Superintendent Dr. Scott Sawyer told the Shrewsbury School Committee on Jan. 8 that the district was affected by a cybersecurity incident that originated at PowerSchool, the company Shrewsbury Public Schools uses for student and staff records.
Dr. Sawyer said the district confirmed the incident involved demographic data: student and staff names, addresses, phone numbers, email addresses, student and staff ID numbers and student birth dates. "This wasn't through the Shrewsbury system," Dr. Sawyer said, adding that the breach came through PowerSchool and that multiple districts nationwide were affected.
PowerSchool leadership told districts in a webinar that the actor had been paid and the downloaded data was destroyed, Dr. Sawyer said. "They have assured us that they don't anticipate any of that data continuing to exist outside of our system," he said. PowerSchool is working with a cybersecurity firm and federal agencies, the district was told.
Dr. Sawyer listed what was not affected: passwords, payment/credit-card information, educational records, staff personnel records, photos and student health records (though he noted some health-related flags such as food-allergy alerts sit in the demographic field and would have been captured if present).
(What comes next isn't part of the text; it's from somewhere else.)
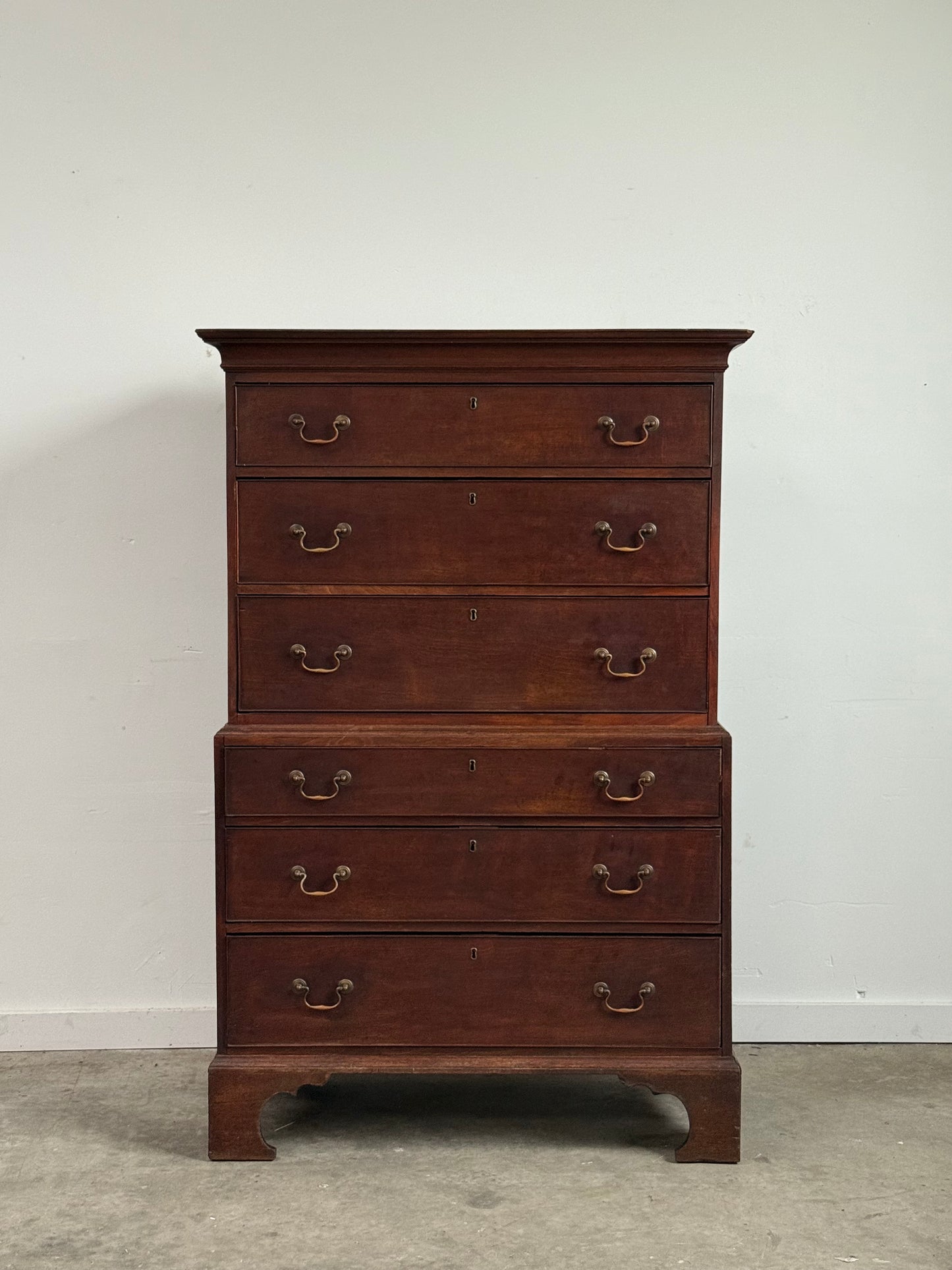 18th C. George III Chest on Chest of Drawers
The superintendent said PowerSchool plans to provide credit monitoring to affected adults and identity-protection services for affected minors "in accordance with regulatory and contractual obligations." The district’s information-technology director, Mr. Phillips, and human-resources executive director, Ms. Malone, were mentioned as points of contact for questions.
Dr. Sawyer urged staff and families to monitor accounts, report suspicious activity to school-based tech teams and to be cautious of phishing attempts. He thanked the town and regional partners for support on cybersecurity work and said the incident appeared to have originated with PowerSchool rather than the local Shrewsbury environment.
The district will share further details with families and staff as they become available, Dr. Sawyer said.